The LORD said to Cain, “Why are you angry, and why has your face fallen? If you do well, will you not be accepted? And if you do not do well, sin is crouching at the door. Its desire is for you, but you must rule over it.” Cain spoke to Abel his brother. And when they were in the field, Cain rose up against his brother Abel and killed him. Then the LORD said to Cain, “Where is Abel your brother?” He said, “I do not know; am I my brother’s keeper?”
I think it's funny that God sometimes has to ask multiple questions at one time. It's as if he knows one question isn't going to be enough to show people what he wants them to see. He recognizes that humans can be a little slow on the uptake. I personally appreciate that about him.
Before we look into this passage, it's important to know what took place immediately before these verses. Cain and Abel are born at the beginning of Genesis 4, and all we know about them is that Abel is a shepherd and Cain is a farmer. When it comes time for them to bring an offering before God, Abel brings the firstborn of his sheep and Cain brings some of the fruit of his land. What we know is that God has favor on Abel's offering but not on Cain's. What we don't know is what was wrong with Cain's offering.
I think that's somewhat of a gap in this story. We know from Hebrews 11:4 that "by faith Abel offered to God a more acceptable sacrifice than Cain." Also, 1 John 3:12 says, "Do not be like Cain, who belonged to the evil one..." So yeah, Cain might not have been the best guy in the world, but I wish I knew what he did wrong that caused God to view his sacrifice unfavorably.
Maybe it's because I don't know all the details, but I have to say that I initially have a lot of sympathy for Cain. I mean, put yourself in his shoes. There's only four people on earth, and of those four people you're the only one who isn't viewed favorably by God. Yes, Adam and Eve got kicked out of the garden, but they knew what it was like to have a perfect relationship with God, so I have to think that they're relationship with him after the garden (while not nearly as intimate as before) is still healthy. I could be wrong, but that's just what I picture.
Meantime, Cain is stuck comparing himself to his brother (the only person on earth he can compare himself to by the way) and he doesn't compare well. He doesn't live up to the standard set by his brother. I have five brothers, so I'm familiar with what it can be like to compare yourself to siblings. However, I can't imagine how I would feel if we were all living back then and my brothers all offered sacrifices that were accepted by God and mine was the one he had no regard for. Actually, I know exactly how I would feel. I'd be angry.
What sticks out to me about this passage is that God knew Cain was angry, and he didn't tell him not to be angry. The passage doesn't say, "Why are you angry? Stop being angry." Instead, God's question regarding Cain's anger is followed by a warning, not a command. He says something closer to, "Hey, I get that you're angry, but don't let sin have any power over you." God tells him a simple truth: don't let your anger control your actions, and I think that's what God is trying to teach us as well. He's not trying to tell us that anger is always bad. Rather, it's the choices we make when we're angry that we need to be careful of.
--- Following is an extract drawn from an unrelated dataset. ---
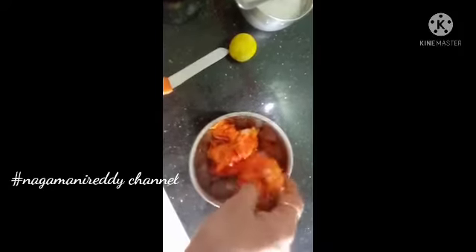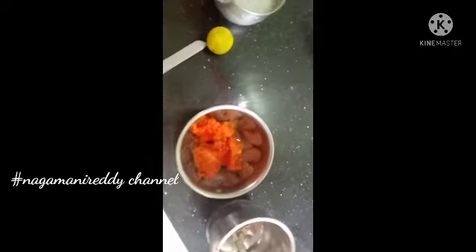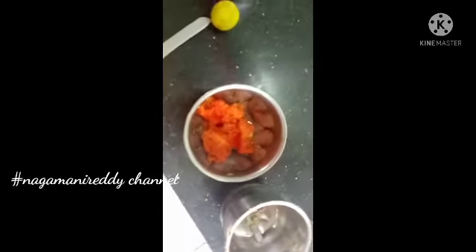Now you can see, add a sweet potato. Add a pie and put a little bit of egg. Add a little dough to the mix.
God is more concerned about our actions amidst our anger than the anger itself.
But I think there's another truth here. What if it's OK to be angry at God? So often, I feel like if I don't approach God with complete reverence and respect then something is wrong with me. No matter how I truly feel inside, it's like I have to use a nice and appropriate tone with God. However, I think I'm doing it wrong. I think God would rather me be angry than fake. I'm not saying we should yell and cuss at God, but also, I've done that before and I don't think it's the worst sin I've ever committed. I think God would rather hear my honest emotions as opposed to me putting on a face for him. Being angry wasn't Cain's problem. Killing his brother was. But those are two entirely different things. Again, it was the action amidst the anger, not the anger itself, that caused Cain's demise.
I think there was a way Cain could have avoided all of his troubles. What if he had simply been honest with God? Imagine if Cain had said, "Yeah God, I am angry. You accepted Abel's offering but not mine, and to tell you the truth that pissed me of a little and I don't know what to do about it." I don't know what God would have said back to that, but I think there's a good chance things could've turned out differently.
It's better to show God our true emotions than to try to hide them behind false reverence.
I think God values honesty over ceremony. Instead of going through the motions to present ourselves as "appropriate" or "proper" before God, maybe we should just tell it like it is. I bet he can handle anything we have to tell him. Even if we're angry.